- _What you should do_:
From the entries that follow, copy exactly the lines beginning at the line holding "Anguloa uniflora" and continuing through the line holding "awp ice coaled 來世的未來相片".
※
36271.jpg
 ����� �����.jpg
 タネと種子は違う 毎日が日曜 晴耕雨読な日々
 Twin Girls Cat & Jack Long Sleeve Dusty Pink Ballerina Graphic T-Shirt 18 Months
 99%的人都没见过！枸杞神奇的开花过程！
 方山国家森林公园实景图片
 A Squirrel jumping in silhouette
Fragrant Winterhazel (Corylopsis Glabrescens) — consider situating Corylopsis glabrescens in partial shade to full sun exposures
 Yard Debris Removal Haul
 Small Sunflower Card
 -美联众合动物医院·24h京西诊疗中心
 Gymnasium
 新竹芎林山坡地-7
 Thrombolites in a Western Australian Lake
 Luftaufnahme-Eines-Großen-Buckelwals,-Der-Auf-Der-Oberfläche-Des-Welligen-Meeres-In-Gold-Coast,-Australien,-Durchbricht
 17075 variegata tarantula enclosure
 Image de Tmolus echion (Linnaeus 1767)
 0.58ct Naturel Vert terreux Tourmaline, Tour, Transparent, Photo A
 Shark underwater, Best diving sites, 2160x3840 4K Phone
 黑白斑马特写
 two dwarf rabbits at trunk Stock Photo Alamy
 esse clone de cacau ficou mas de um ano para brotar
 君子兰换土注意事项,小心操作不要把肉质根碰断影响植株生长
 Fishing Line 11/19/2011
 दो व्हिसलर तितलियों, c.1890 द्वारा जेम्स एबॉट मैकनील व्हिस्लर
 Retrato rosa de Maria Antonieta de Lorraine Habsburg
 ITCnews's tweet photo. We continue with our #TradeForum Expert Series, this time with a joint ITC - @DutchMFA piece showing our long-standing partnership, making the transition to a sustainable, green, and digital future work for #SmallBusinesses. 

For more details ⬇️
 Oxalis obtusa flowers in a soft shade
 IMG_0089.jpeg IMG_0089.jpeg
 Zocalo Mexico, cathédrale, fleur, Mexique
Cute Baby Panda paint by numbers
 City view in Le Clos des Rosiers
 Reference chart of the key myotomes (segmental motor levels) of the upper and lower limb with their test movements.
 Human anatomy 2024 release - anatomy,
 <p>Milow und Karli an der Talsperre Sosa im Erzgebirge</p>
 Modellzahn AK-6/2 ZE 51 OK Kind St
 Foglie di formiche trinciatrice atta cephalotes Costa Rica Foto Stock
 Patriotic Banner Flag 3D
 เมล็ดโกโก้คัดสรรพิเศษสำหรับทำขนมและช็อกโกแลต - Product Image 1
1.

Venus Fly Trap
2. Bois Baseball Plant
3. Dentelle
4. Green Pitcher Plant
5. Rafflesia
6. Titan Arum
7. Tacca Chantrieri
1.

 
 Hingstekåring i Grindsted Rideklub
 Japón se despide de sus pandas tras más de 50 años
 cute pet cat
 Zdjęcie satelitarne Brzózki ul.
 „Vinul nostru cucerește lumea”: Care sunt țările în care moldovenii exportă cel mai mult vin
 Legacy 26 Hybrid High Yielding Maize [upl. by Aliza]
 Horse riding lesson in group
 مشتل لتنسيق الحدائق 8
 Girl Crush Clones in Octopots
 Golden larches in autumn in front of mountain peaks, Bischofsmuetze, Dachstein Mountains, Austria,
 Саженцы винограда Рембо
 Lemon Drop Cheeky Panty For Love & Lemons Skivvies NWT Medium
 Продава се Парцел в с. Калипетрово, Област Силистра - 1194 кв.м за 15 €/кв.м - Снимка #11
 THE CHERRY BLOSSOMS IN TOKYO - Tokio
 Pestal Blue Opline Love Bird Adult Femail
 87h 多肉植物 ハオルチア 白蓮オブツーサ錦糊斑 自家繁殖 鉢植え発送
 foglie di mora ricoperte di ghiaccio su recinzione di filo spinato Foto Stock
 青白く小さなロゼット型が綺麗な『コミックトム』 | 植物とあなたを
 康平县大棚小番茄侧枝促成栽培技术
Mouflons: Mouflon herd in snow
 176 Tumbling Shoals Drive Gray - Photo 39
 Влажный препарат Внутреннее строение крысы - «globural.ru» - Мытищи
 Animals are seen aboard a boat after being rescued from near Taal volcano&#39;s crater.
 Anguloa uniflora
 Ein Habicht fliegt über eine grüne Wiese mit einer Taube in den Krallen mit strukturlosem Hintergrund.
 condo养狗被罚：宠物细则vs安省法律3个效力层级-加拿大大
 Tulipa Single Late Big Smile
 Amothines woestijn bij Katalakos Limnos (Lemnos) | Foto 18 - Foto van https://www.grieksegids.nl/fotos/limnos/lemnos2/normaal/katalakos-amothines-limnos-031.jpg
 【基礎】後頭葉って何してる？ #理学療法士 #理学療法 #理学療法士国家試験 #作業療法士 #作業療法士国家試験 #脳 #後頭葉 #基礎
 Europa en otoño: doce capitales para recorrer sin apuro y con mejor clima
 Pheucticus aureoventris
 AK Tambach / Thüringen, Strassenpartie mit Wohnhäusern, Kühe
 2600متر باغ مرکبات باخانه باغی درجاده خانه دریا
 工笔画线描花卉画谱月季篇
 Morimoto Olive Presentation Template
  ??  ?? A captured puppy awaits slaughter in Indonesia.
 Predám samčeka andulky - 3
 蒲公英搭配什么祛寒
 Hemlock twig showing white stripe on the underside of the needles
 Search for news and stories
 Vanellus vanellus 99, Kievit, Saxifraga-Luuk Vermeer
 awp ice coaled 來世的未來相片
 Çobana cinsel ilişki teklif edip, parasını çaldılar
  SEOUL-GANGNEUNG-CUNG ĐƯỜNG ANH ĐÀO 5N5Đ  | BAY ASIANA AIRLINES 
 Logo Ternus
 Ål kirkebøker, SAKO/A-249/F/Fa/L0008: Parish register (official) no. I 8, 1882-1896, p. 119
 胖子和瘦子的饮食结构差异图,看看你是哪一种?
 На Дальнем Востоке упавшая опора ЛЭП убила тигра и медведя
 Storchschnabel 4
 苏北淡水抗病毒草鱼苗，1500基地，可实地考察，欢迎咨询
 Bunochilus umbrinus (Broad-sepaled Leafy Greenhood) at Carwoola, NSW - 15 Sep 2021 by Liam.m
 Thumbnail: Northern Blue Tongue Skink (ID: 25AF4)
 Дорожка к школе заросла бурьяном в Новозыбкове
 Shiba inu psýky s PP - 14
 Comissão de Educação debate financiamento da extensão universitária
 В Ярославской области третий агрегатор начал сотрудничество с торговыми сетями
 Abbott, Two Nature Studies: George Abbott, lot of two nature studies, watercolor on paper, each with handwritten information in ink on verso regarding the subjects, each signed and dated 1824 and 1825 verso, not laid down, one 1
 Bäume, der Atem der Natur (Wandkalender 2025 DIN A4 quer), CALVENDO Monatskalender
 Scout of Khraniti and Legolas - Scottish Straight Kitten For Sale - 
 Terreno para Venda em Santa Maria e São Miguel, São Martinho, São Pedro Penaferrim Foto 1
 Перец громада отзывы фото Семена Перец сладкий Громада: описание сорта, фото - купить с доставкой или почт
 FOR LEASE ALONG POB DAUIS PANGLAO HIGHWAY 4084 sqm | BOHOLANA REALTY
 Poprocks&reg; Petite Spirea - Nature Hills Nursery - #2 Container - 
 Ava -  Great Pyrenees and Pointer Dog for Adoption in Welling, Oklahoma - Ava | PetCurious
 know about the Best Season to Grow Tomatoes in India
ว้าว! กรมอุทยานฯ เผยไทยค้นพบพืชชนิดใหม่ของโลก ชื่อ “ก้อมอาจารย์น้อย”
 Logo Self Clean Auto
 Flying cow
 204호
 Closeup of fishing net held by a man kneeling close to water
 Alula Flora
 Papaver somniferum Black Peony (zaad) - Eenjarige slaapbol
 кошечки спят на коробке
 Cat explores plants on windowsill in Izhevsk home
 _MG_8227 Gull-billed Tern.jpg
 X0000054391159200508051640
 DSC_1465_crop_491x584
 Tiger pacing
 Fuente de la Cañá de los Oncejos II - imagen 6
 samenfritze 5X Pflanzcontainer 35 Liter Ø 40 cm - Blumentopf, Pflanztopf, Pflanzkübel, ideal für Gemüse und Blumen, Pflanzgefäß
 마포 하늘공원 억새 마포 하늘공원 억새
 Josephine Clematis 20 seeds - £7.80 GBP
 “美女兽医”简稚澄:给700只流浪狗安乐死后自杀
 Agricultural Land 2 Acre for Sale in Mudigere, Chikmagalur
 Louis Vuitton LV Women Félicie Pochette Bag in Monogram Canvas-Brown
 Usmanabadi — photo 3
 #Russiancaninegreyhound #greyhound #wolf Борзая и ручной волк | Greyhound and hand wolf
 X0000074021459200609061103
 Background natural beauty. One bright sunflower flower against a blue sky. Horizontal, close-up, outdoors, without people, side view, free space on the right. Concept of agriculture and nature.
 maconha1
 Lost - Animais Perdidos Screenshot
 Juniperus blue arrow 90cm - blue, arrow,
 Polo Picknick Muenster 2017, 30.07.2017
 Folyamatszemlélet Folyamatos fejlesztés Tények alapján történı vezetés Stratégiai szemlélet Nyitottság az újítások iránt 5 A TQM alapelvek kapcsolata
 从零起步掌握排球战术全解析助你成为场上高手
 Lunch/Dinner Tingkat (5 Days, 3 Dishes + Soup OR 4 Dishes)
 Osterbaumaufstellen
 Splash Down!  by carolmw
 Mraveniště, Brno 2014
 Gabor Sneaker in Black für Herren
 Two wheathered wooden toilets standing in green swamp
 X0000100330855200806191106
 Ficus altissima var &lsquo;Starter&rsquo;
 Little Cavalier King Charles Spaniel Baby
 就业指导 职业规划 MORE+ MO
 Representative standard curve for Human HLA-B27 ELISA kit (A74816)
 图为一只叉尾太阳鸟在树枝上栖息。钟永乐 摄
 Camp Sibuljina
※
- _Solution to this exercise_:
 Anguloa uniflora
 Ein Habicht fliegt über eine grüne Wiese mit einer Taube in den Krallen mit strukturlosem Hintergrund.
 condo养狗被罚：宠物细则vs安省法律3个效力层级-加拿大大
 Tulipa Single Late Big Smile
 Amothines woestijn bij Katalakos Limnos (Lemnos) | Foto 18 - Foto van https://www.grieksegids.nl/fotos/limnos/lemnos2/normaal/katalakos-amothines-limnos-031.jpg
 【基礎】後頭葉って何してる？ #理学療法士 #理学療法 #理学療法士国家試験 #作業療法士 #作業療法士国家試験 #脳 #後頭葉 #基礎
 Europa en otoño: doce capitales para recorrer sin apuro y con mejor clima
 Pheucticus aureoventris
 AK Tambach / Thüringen, Strassenpartie mit Wohnhäusern, Kühe
 2600متر باغ مرکبات باخانه باغی درجاده خانه دریا
 工笔画线描花卉画谱月季篇
 Morimoto Olive Presentation Template
  ??  ?? A captured puppy awaits slaughter in Indonesia.
 Predám samčeka andulky - 3
 蒲公英搭配什么祛寒
 Hemlock twig showing white stripe on the underside of the needles
 Search for news and stories
 Vanellus vanellus 99, Kievit, Saxifraga-Luuk Vermeer
 awp ice coaled 來世的未來相片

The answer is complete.